(CNN) — The U.S. government allegedly spied on prominent American Muslims under the same program it used to keep tabs on suspected terrorists, according to documents held by National Security Agency whistle-blower Edward Snowden.
The journalists Glenn Greenwald and Murtaza Hussain, writing for The Intercept, said Snowden provided them documents that show that at least five American Muslims were monitored by their own government for periods between 2002 and 2008.
The names of Republican Party operative and lawyer Faisal Gill; attorney Asim Ghafoor; international relations professor Hooshang Amirahmadi; Muslim civil liberties advocate Agha Saeed; and the executive director of the Council on American-Islamic Affairs, Nihad Awad, all appear on a spreadsheet that purportedly lists individuals under NSA, CIA or FBI digital surveillance.
The spreadsheet shows more than 7,000 e-mail addresses that appear to include the names of foreigners linked to terrorist organizations and U.S. citizens suspected of terrorist activity, according to The Intercept’s report.
But also on the list are the names of the five prominent Muslim-Americans, who have never been accused or charged with terrorism, and who deny any involvement in terrorism.

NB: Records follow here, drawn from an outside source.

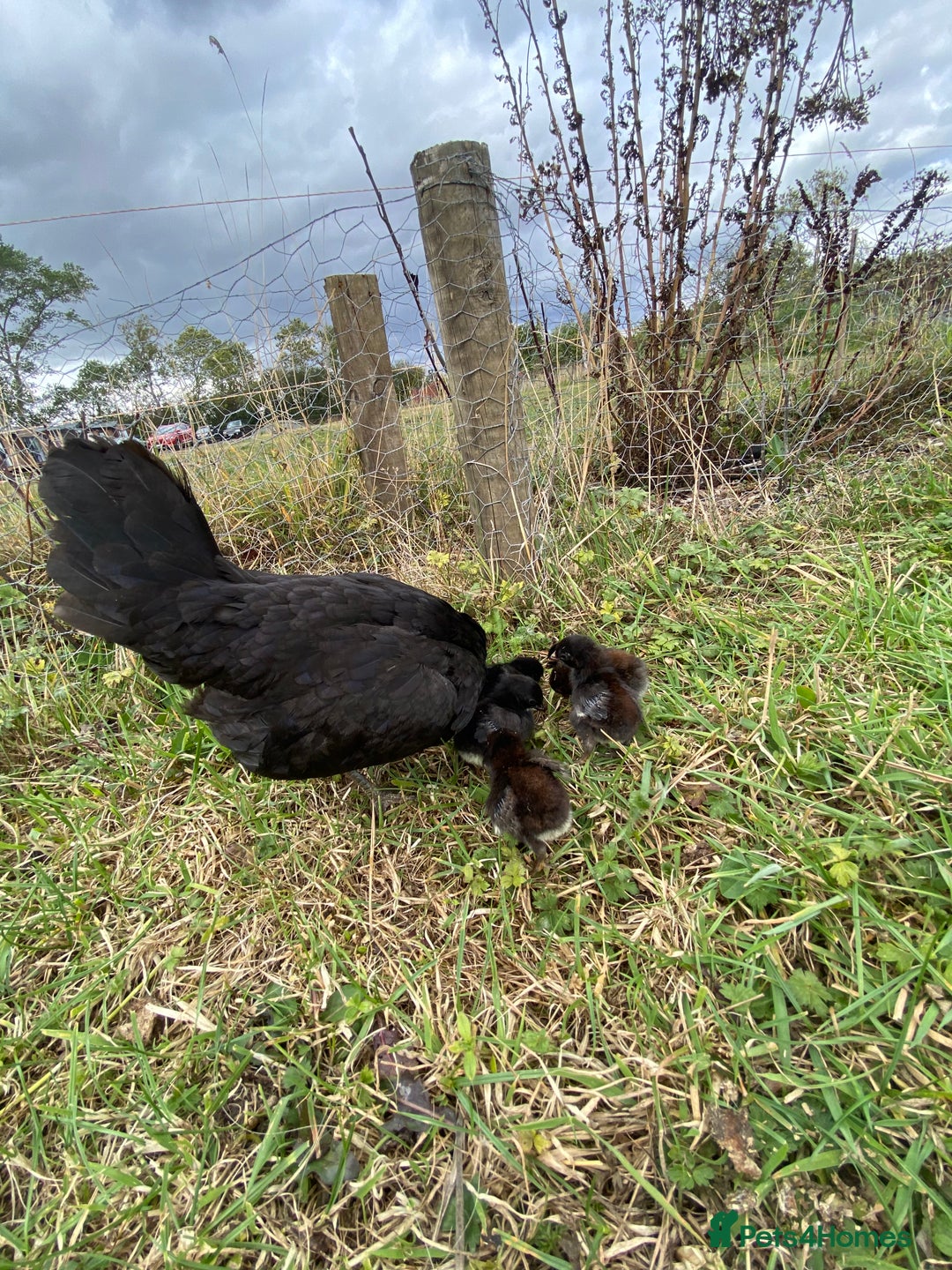Chickens poultry for sale: Old English Game - Image 2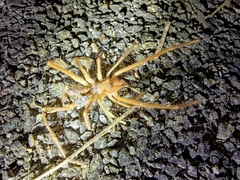 Galeodidae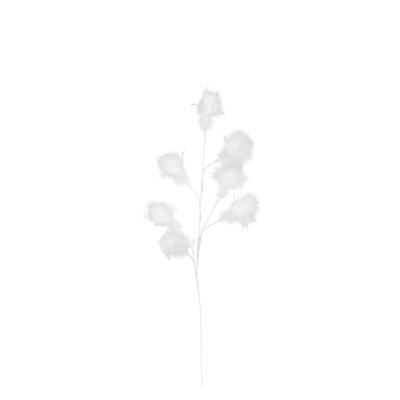 Branche à plumes blanche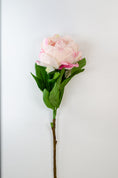 Load image into Gallery viewer, Garden Peonies (3 colours)
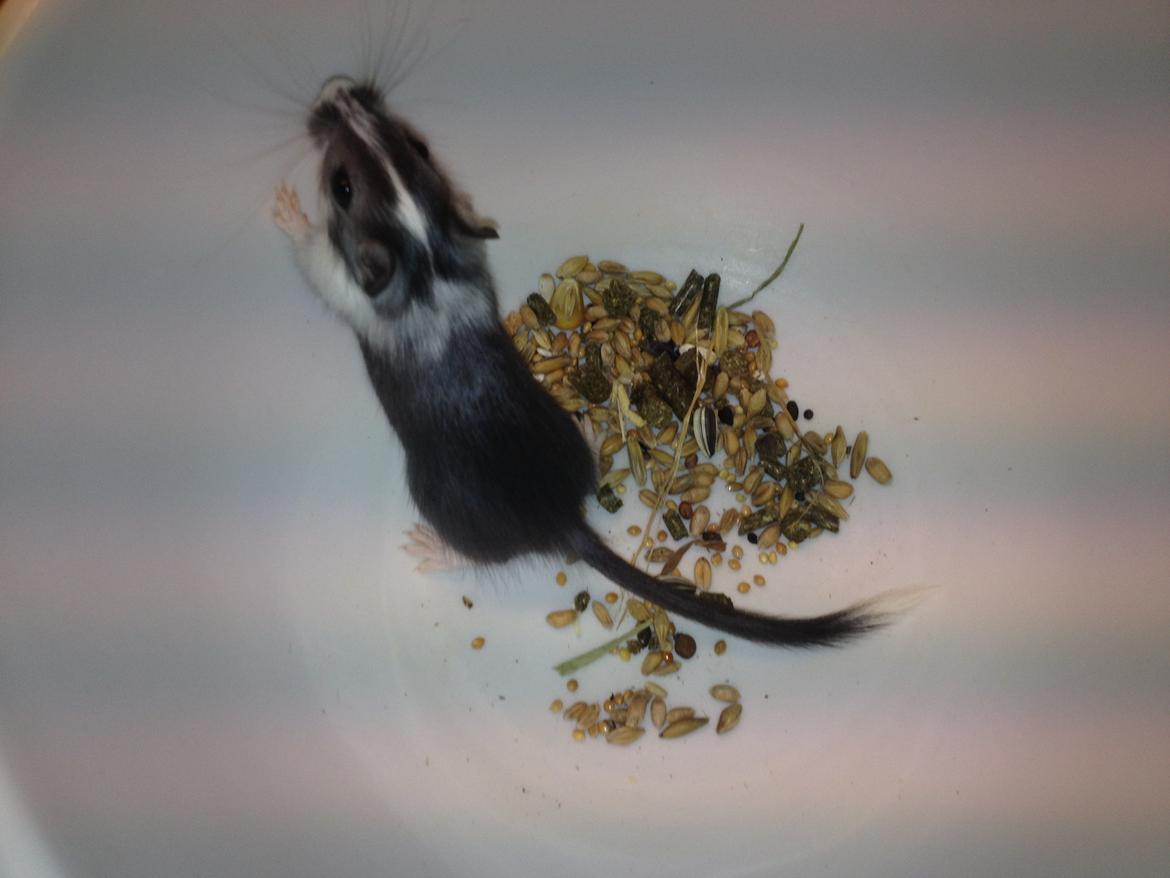 Ørkenrotte Laurits billede 5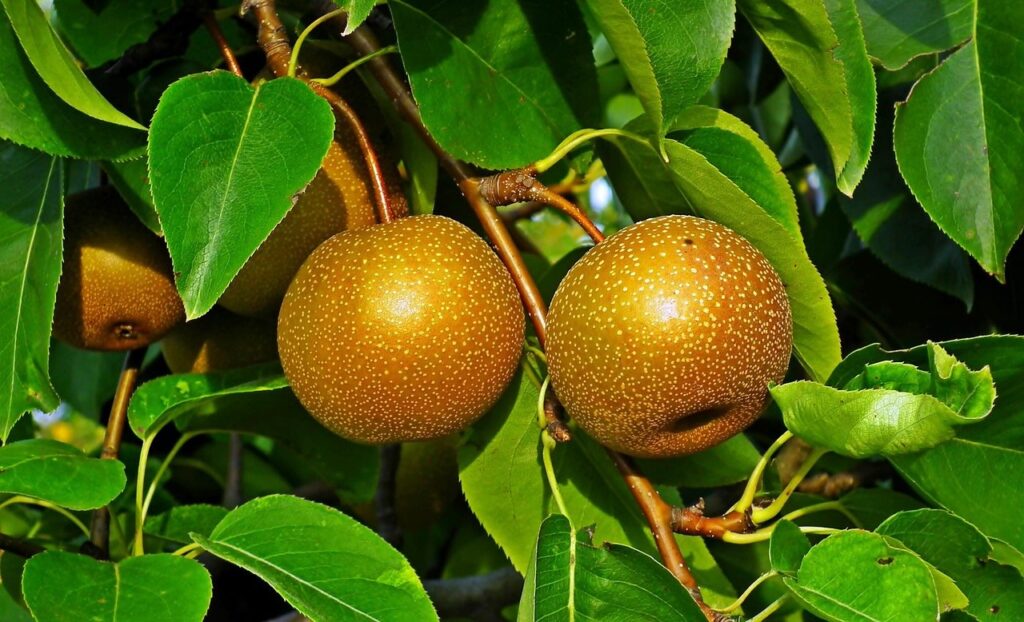 Asian pear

“I’ve done everything in my life to be patriotic,” Gill told The Intercept. “I served in the Navy, served in the government, was active in my community — I’ve done everything that a good citizen, in my opinion, should do.”
Gill told the publication that he believes that his e-mails were intercepted because he is Muslim.
“Look, I’ve never made an appearance or been a lawyer for anyone who’s been (associated with terrorism),” he told The Intercept. “But there are plenty of other lawyers who have made those appearances and actually represented those governments, and their name isn’t Faisal Gill and they weren’t born in Pakistan and they aren’t on this list.”
In a joint statement, the Office of the Director of National Intelligence and the Justice Department denied that the U.S. government conducts surveillance based on anyone’s politics, religion or activism.
“Unlike some other nations, the United States does not monitor anyone’s communications in order to suppress criticism or to put people at a disadvantage based on their ethnicity, race, gender, sexual orientation or religion,” the statement said.
Any surveillance of U.S. citizens requires a court order from the Foreign Intelligence Surveillance, or FISA, Court, the statement says.
“These court orders are issued by an independent federal judge only if probable cause, based on specific facts, are established that the person is an agent of a foreign power, a terrorist, a spy, or someone who takes orders from a foreign power,” the statement says.
But The Intercept reported that at least one of the five American Muslims was spied on without a FISA warrant.
In addition, one of the documents provided to The Intercept by Snowden instructs agents on the proper way to compose a memo to request FISA surveillance. In the example, it lists a fake name — “Mohammed Raghead” — as a placeholder.
An NSA spokeswoman quoted in the report said that the agency would not allow such insulting language to be used in its training documents.
CAIR, the nation’s largest Muslim civil liberties group and led by Awad, called for a full accounting of government spying on American Muslims.
“This is an outrageous continuation of civil rights era surveillance of minority community leadership by government elements who see threats in all patriotic dissent,” the group said in a statement.